V.2. Les interactions en général

L’interaction est un concept nomade, apparu d’abord dans le domaine des sciences de la nature et des sciences de la vie. Il a été, à partir de la seconde moitié du 20è siècle, adopté par les sciences humaines pour qualifier les interactions communicatives, c’est-à-dire « toute action conjointe, conflictuelle ou coopérative, mettant en présence deux ou plus de deux acteurs. A ce titre, il recouvre aussi bien les échanges conversationnels que les transactions financières, les jeux amoureux que les matchs de boxe » (R.Vion 1992 :17).

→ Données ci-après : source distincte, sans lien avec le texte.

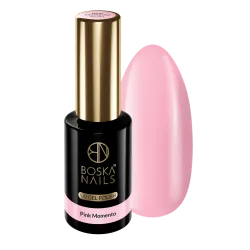 Lakier hybrydowy Pink Momento UP no 551 Boska Nails 10 ml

Le concept d’interaction verbale s’appuie sur la constatation que dans un échange verbal, l’utilisation du langage par un locuteur n’a pas seulement pour but d’exprimer un contenu, mais d’influer sur ses interlocuteurs. Le point de départ de l’analyse des interactions verbales est le contexte d’une conversation, dans laquelle nous ne pouvons pas séparer émission et réception qui seraient deux comportements successifs, mais nous devons considérer que les deux partenaires sont à la fois en position d’émission et de réception. Tout au long de l’échange verbal donc, dans la vie quotidienne, le locuteur et l’interlocuteur, tous interactants de la communication, agissent l’un sur l’autre et se transforment à travers cette action réciproque.

Plusieurs chercheurs ont tenté de délimiter une interaction tout en proposant des critères dans leur définition en forme et en fonction. Par exemple, pour E. Roulet (1985 :23), une interaction est «délimitée par la rencontre et la séparation des deux interlocuteurs». C. Kerbrat-Orecchioni (1990 :211) précise, au sujet de la délimitation de l’interaction, que «l’interaction est "constituée" (d’unités de rang inférieur), mais en principe non "constituante".» Cela veut dire que l’interaction est composée de différents constituants qui entretiennent hiérarchiquement des relations d’inclusion et de subordination.

Très étroitement liés aux conceptions pragmatiques, les courants interactionnistes conçoivent le langage foncièrement interactionnel. Ainsi, dans la recherche linguistique, voyons-nous, en matière d’analyse du discours ou plus spécialement des interactions verbales, le fameux modèle hiérarchique et fonctionnel qui a été élaboré ou adopté par de nombreux spécialistes et linguistes dans le but de rendre compte de l’organisation du discours.

L’analyse du discours a pour but essentiel de cerner la manière dont les agents sociaux agissent les uns sur les autres à travers l’utilisation qu’ils font de la langue et d’autres unités, les signes linguistiques. En général, dans l’analyse du discours, l’interaction s’entend comme interaction verbale entre deux participants. Pour qu’il y ait véritablement interaction, plusieurs conditions nécessaires doivent être réunies, par exemple le contrat communicatif. Pour entrer en interaction, les locuteurs doivent accepter un minimum de normes communes, s’engager dans l’échange, assurer conjointement sa gestion en produisant leurs tours de parole, leurs gestes, etc. Dans une interaction s’affrontent les stratégies des interlocuteurs qui doivent constamment négocier et s’efforcent de mettre les normes de leur côté.

En ce qui concerne les unités interactionnelles, le terme d’interaction  s’emploie pour désigner l’unité d’analyse la plus élevée d’une conversation, l’ensemble des échanges effectués par des participants dans un contexte donné. E. Goffman appelle une telle unité « rencontre » et E. Roulet la nomme « incursion » (C. Kerbrat-Orecchioni 1990 :214). Elles peuvent être décomposées en diverses transactions.